Dietro questi aumenti non c’è una sola causa, ma un insieme di fattori che stanno ridefinendo gli equilibri del settore. L’influenza aviaria ha colpito duramente gli allevamenti europei, riducendo la disponibilità di prodotto e alterando la stabilità del mercato. A questo si aggiungono dinamiche economiche e produttive che rendono il quadro ancora più complesso.
Il risultato è un mercato sempre più fragile, in cui domanda e offerta viaggiano su binari diversi e i rincari diventano inevitabili.
Prezzi in aumento tra crisi sanitaria e domanda crescente
Il principale fattore alla base dei rincari è la diffusione dell’influenza aviaria, che nel 2025 ha provocato una drastica riduzione della produzione in tutta Europa. Gli abbattimenti preventivi e le limitazioni negli allevamenti hanno ridotto l’offerta, facendo salire i prezzi lungo tutta la filiera. Le conseguenze sono evidenti: le uova da allevamento a terra hanno registrato aumenti fino al 27%, mentre quelle provenienti da allevamenti in gabbia superano il +20%. Il prezzo medio ha ormai oltrepassato i 2,40 euro al chilo, segnando una crescita significativa rispetto agli anni precedenti.
A rendere ancora più delicata la situazione è il comportamento dei consumatori. Il consumo di uova continua a crescere, grazie al loro valore nutrizionale e alla versatilità in cucina. Tuttavia, la produzione italiana non riesce a tenere il passo, con un incremento minimo che non compensa la domanda. Questo ha portato a un calo dell’autosufficienza nazionale e a un aumento delle importazioni.

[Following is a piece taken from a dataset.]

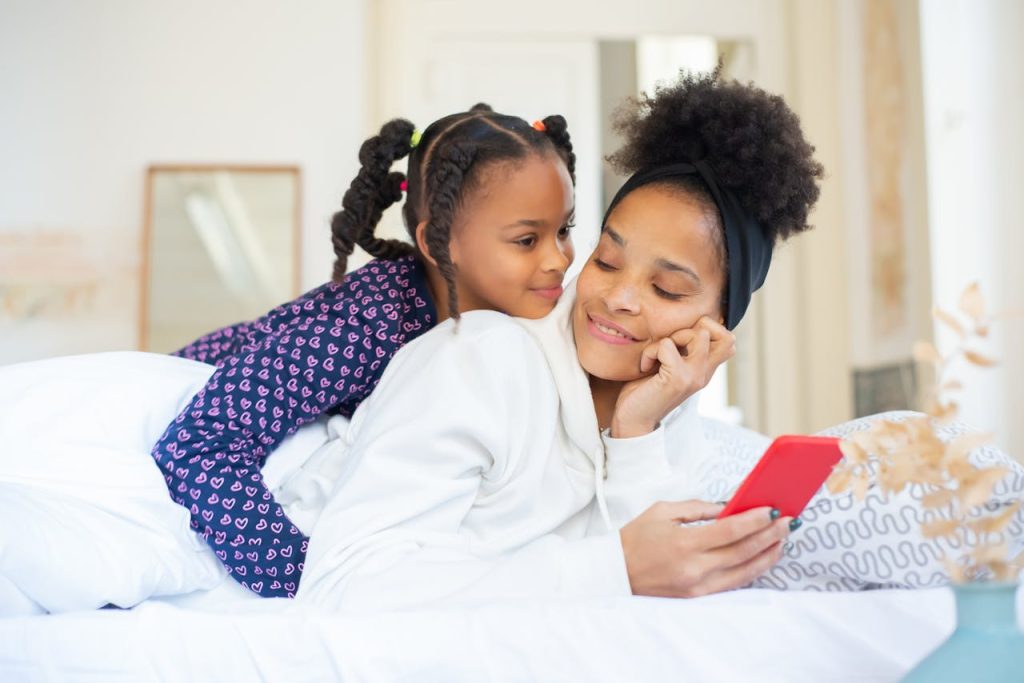 pexels-photo-6948092 A heartwarming moment between a mother and daughter embracing while using a smartphone indoors.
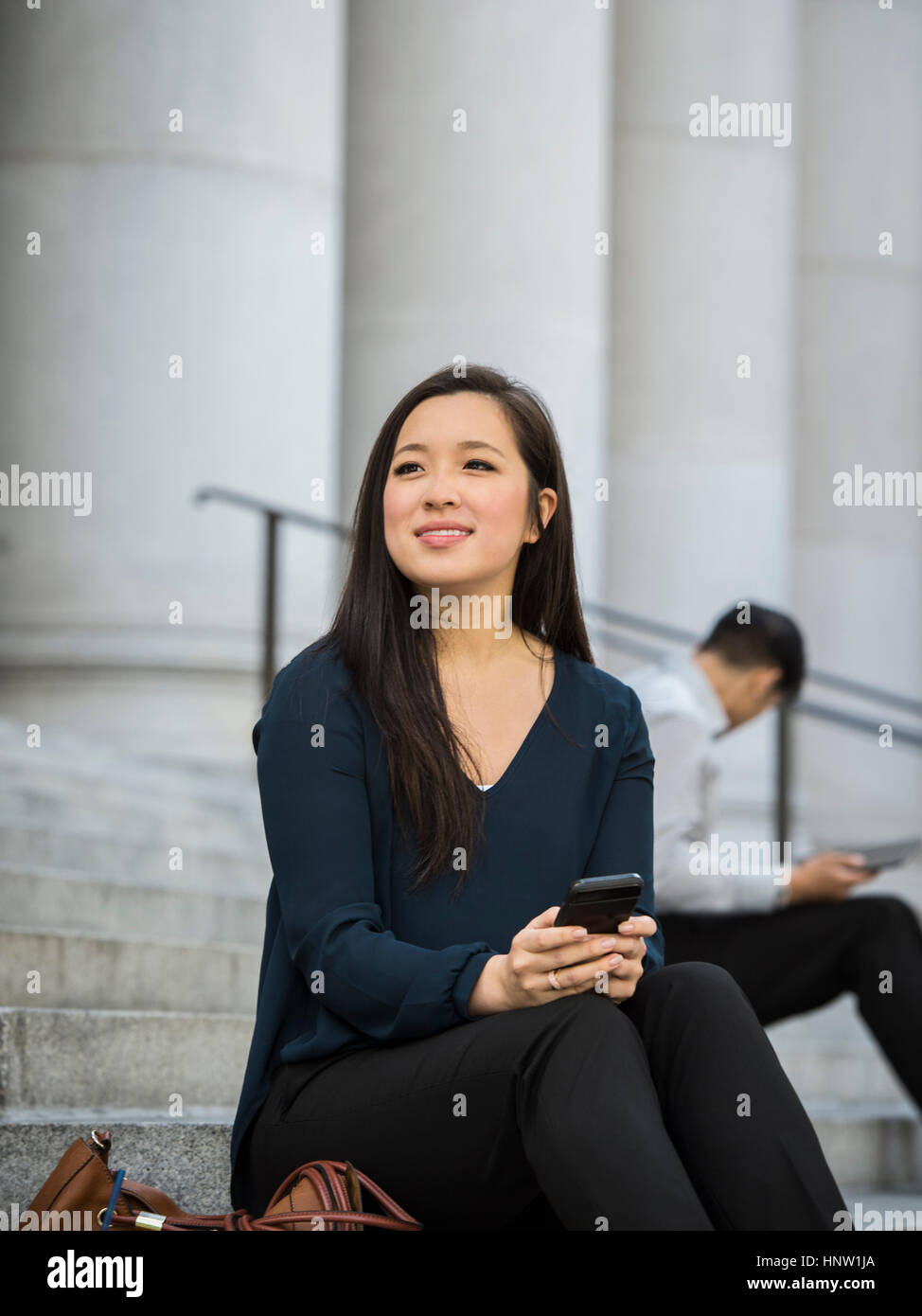 Chinese businesswoman sitting on staircase holding cell phone Banque D'Images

Nel frattempo, anche i costi energetici stanno incidendo in modo pesante. L’aumento dei prezzi di energia e carburanti si riflette sulla produzione, sull’alimentazione degli animali e sulla distribuzione, contribuendo a mantenere alta la pressione sui prezzi finali. Per contrastare questa situazione, l’Italia sta puntando su misure preventive come la vaccinazione negli allevamenti più esposti. Una strategia che potrebbe aiutare a stabilizzare il settore, ma che nel breve periodo non è sufficiente a fermare i rincari. In questo scenario, diventa fondamentale adottare comportamenti più consapevoli: scegliere filiere locali, privilegiare prodotti certificati e limitare gli sprechi può fare la differenza in un mercato sempre più instabile.